In December, we asked you about your favorite algorithm in mathematics. Of the 15 offered algorithms to choose from, only 6 got votes. Gradient Descent was by far the most popular algorithm (30% of all votes). In addition to the ones offered in the list, these two algorithms were mentioned: Buchberger's algorithm and Q-Learning.

Short Stories on MaRDI

Two short stories on the MaRDI Packaging System

1. Reproducing and reviewing results

Dr. Alba Numbs is a researcher in numerics and high-performance computing. She just received a request to peer-review an article submitted for publication in a journal where she collaborates. She received from the editor the manuscript of the authors, a pdf file. The article interests Dr. Numbs since it aligns with her research domain. In the paper, the authors introduce a new algorithm and they describe it broadly, with the key ideas that make the core of their innovation. They also claim to have run several tests comparing their new algorithm with already-known methods, obtaining specific performance advantages for their system. All looks good, but Dr. Numbs would like to test the algorithms to verify the claims of the authors.

More often than she would like to admit, when she refereed articles on new algorithms, she could only do some “static analysis” of the code, essentially meaning that she reviewed the logic of the algorithm as described in the papers, but she could not run the algorithms in practice. In some cases, the authors do not provide any implementation to begin with, code is not part of the submission for publication. The authors certainly have their own implementations, but they don’t make them public, only the overall idea of the algorithm. Dr. Numbs believes this practice should be avoided in academic papers. Fortunately, in this case the authors do have a public repository with the source code.

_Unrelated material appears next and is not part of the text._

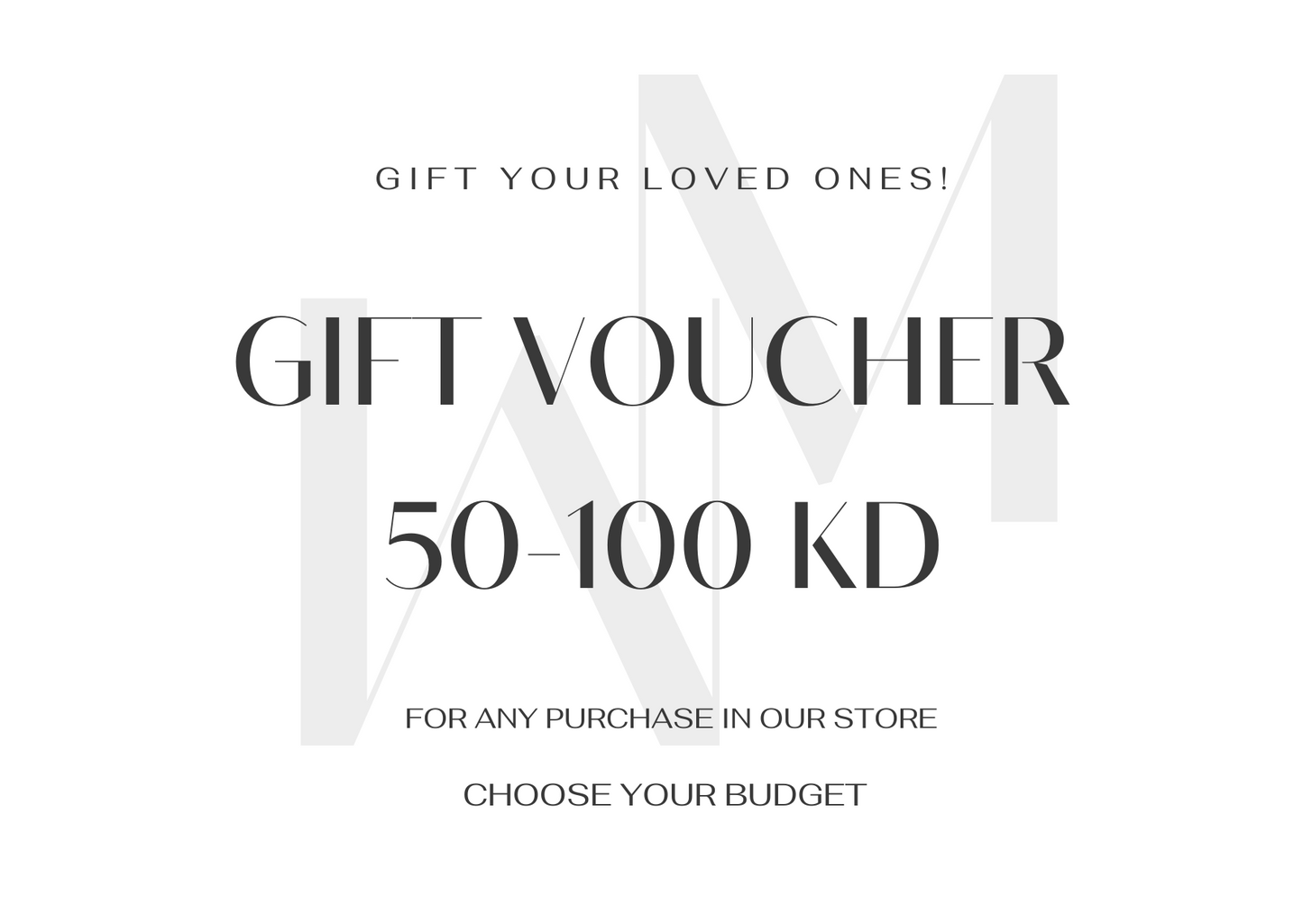 GIFT VOUCHER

However, it is often challenging for a third person to install and run all the dependencies and libraries to make a program work that has not been polished enough to be considered production-ready. Research programs are usually just a proof-of-concept demonstration, without much attention to system robustness or stability, and much less user-friendly installations.

In the paper received by Dr. Numbs, the authors included a URL for the GitHub repository, which was indeed online. So, Dr. Numbs browsed the code online a bit, and she cloned the repository on her computer to test. But then, some troubles started. The program contained some scripts in Julia. The authors state they used release version 0.9, but Dr. Numbs has installed version 1.11 on her computer. Dr. Numbs’ version is newer, and she doesn’t want to downgrade her installation for testing, but if an error occurs, she has no way of ruling out that it is related to version incompatibility. The program also has other dependencies: a few command-line programs for utility functions, a bunch of scripts in Python and Go, and C++ compiled source. A build script calls all these dependencies that, Dr. Numbs deduces, must be installed in the author’s computers.

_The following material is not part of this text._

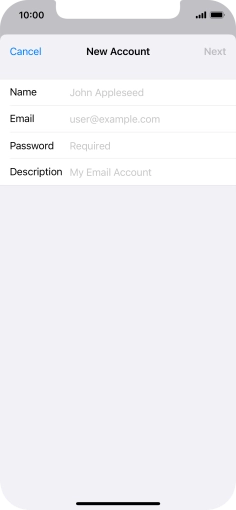 Press Name and key in the required sender name. Press Name and key in the required sender name.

Dr. Numbs was very reluctant to install all these compilers, interpreters, and libraries on her computer just to test someone else’s program. She would not likely use many of these tools again, so that would be polluting her system, not to mention all the time she would need to look for specific versions of the required software and troubleshoot her system for errors. She still remembered last year's “computer apocalypse” after she was asked to review eight software-related articles at the same time for the proceedings of a conference on numerical analysis. She ended up manually installing so many programs and libraries conflicting and overwriting each other that she could not test all the submissions, and she lost several days of work trying to fix everything. Eventually, she had to format the hard drive and install her operating system from scratch to clean up the mess she had on her laptop. This time she was much more cautious, and the more technical issues she found, the more she was tempted to give up and just evaluate the printed paper with a pencil.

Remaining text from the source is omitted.